Mais je n’étais pas arrivée au bout de mes surprises.
C’est à ce moment là que le mot « Cyclone » se mit à siffler entre ses consonnes « que le voisinage laissait décidément de plus en plus à désirer », puis il claqua un « C » majuscule violemment, laissant traîner derrière lui un immense silence, blanc comme le blanc de l’œil du cyclope dont le mot s’injecta de rouge en un éclair. J’ai vu le mot « colère » surgir, il était trop tard pour calmer tout ça, « coléoptère » dérangé alluma ses élytres dorés. Sur la même page, le portrait de Colette peint par Gisèle Freund, se détacha. Nous étions exactement à la page 295, et je me suis demandée si tout cela avait réellement existé. Là où j’ai commencé à douter de ma raison fut quand une arche de mots s’est élevée au dessus du gros mot « volume » appuyé sur une pile rangée par ordre alphabétique. La phrase disait un truc comme : « nous sommes une chaîne, nos éléments s’attachent, nous enfermons, nous libérons, nous avons le pouvoir de détruire ou de protéger, de faire la nuit ou la lumière, choisis-nous bien et tu seras libre.»
Je me souviens avoir tenté de passer ma tête sous l’arche pour regarder de l’autre côté, m’être cognée au mot « réveil », avoir découvert le mot « bosse » planté sur mon front comme un bouton de rose.
Depuis, les mots de tête ne cessent de crépiter dans mes circuits.

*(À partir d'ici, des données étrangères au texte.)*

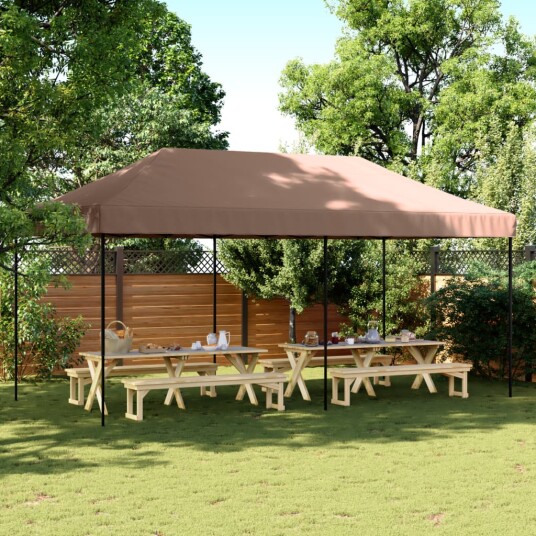  Sammenleggbart partytelt pop-up brun 580x292x315 cm 4004940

Alors j’ai repris le B.A. ba de mon dictionnaire et je suis tombée sur « ballon », j’ai glissé pour en faire un « ballet », me suis amusée avec eux. Depuis, je joue du mot comme d’autres se jouent d’eux. Le mot « merci » est venu me claquer la bise et j’ai compris que Robert en pinçait pour lui.
Quelle drôle d’aventure !
En tout cas, il paraît qu’il vaut mieux en éviter certains. A moins de savoir bricoler et de leur faire dire exactement ce qu’on veut, quels qu’ils soient. Aussi, lorsque je croise le mot « malédiction », je lui envoie le mot « chance » pour s’occuper de lui afin de retourner sa condamnation en merveilleux malheur.
Et pour finir, « Alice », qui n’était pas à la page 35, m’a fait un petit clin d’œil pour me faire comprendre qu’elle s’était encore bien amusée. J’ai vu « trembler » se rapprocher discrètement de « lapin » mais il était trop tard, « chute » était déjà là.
Alors, lecteurs, si vous avez comme moi entendu les mots se chamailler, et si « Robert » est encore de votre monde, venez me donner quelques nouvelles de ceux avec qui vous avez fait connaissance.